Organisationen professioneller Kulturschaffender

In allen Kultursparten existieren Organisationen, die professionelle Kulturschaffende vertreten und sich für deren Interessen einsetzen. Solche Organisationen können durch den Bund auf der Grundlage einer Ausschreibung mit Strukturbeiträgen unterstützt werden.

Die Bedingungen für die Unterstützung wurden in der Förderperiode 2016­2020 überarbeitet und neu ausgerichtet. Die Unterstützung konzentriert sich seither auf Organisationen von nationaler Bedeutung, die sich für die Verbesserung der Arbeitsbedingungen ihrer Mitglieder einsetzen. Organisationen aus der gleichen Sparte wurden ermutigt, sich durch Fusionen anzunähern, um ihre Repräsentativität auf nationaler Ebene zu erhöhen. Neben den vom Bund finanzierten Dienstleistungen sind die Organisationen frei, beliebige weitere Aktivitäten zu entwickeln, sofern sie diese durch eigene Mittel oder durch Drittmittel zu finanzieren vermögen.

Insbesondere durch die umgesetzten Fusionen reduzierte sich die Anzahl der unterstützten Organisationen von bisher 18 in der Förderperiode 2012­2015 auf neu 11 in den Jahren 2016­2020. Aus den 2018 umgesetzten Fusionen entstanden SONART, ein Zusammenschluss von drei Organisationen aus dem Bereich Musik, sowie t. Theaterschaffende, ein Zusammenschluss von zwei Theaterorganisationen. Die nationale Bedeutung der beiden Organisationen konnte so gestärkt werden.

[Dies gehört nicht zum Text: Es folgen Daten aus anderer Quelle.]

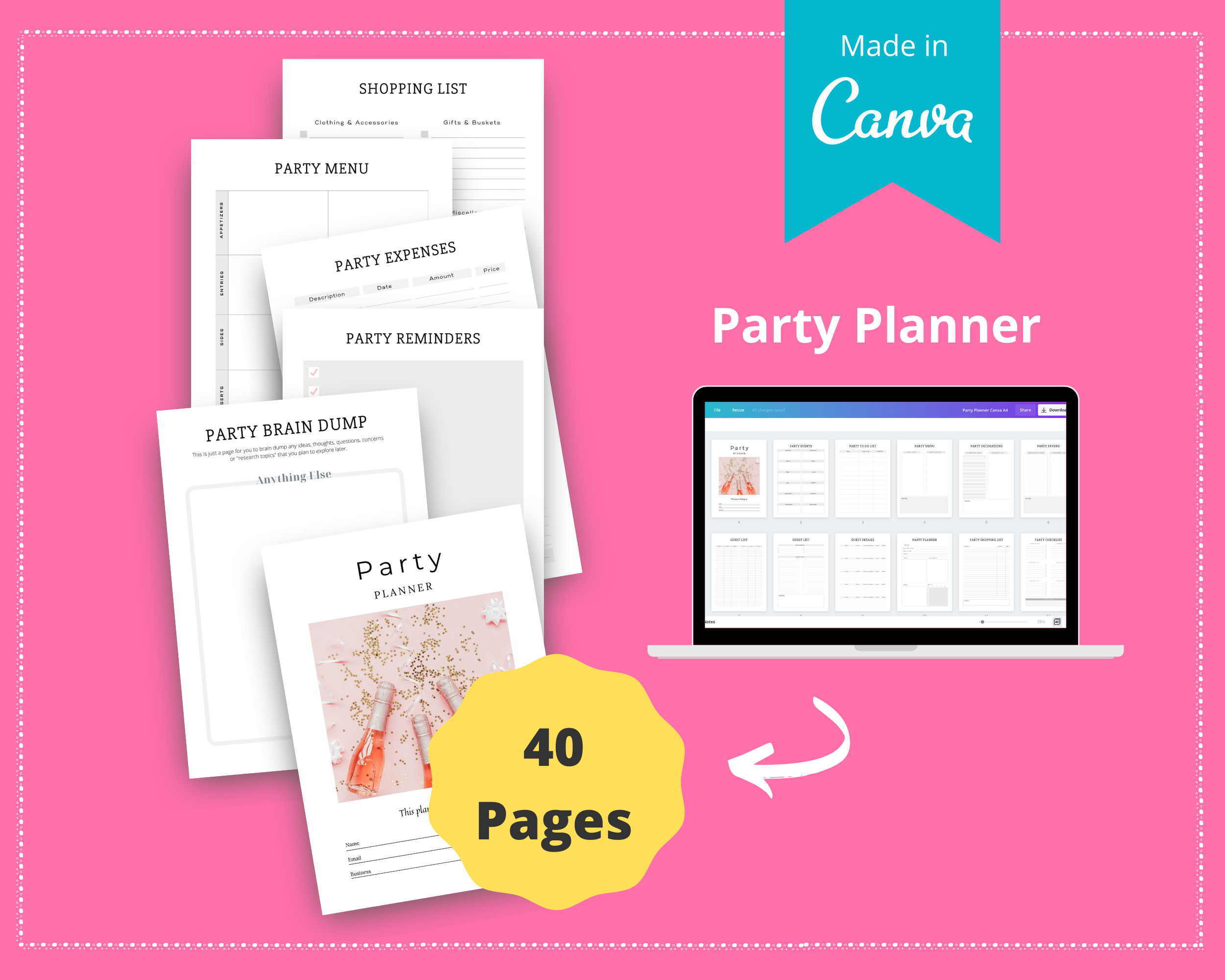 Editable Party Planner in Canva | Commercial Use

Das Prinzip der Unterstützung von Organisationen professioneller Kulturschaffender wird beibehalten. Für die Strukturbeiträge in der Förderperiode 2021­2024 wird erneut eine Ausschreibung durchgeführt. Der Schwerpunkt wird weiterhin auf der nationalen Ausrichtung der Organisationen und der Vertretung der Sprachgemeinschaften liegen. Neu wird auch die Disziplin «Interaktive Medien» berücksichtigt.

41

Vgl. die Antwort des Bundesrates auf die Interpellation 19.3873 Reynard «Schweizer Theatertreffen. Trauriges Ende nach grossem Erfolg?»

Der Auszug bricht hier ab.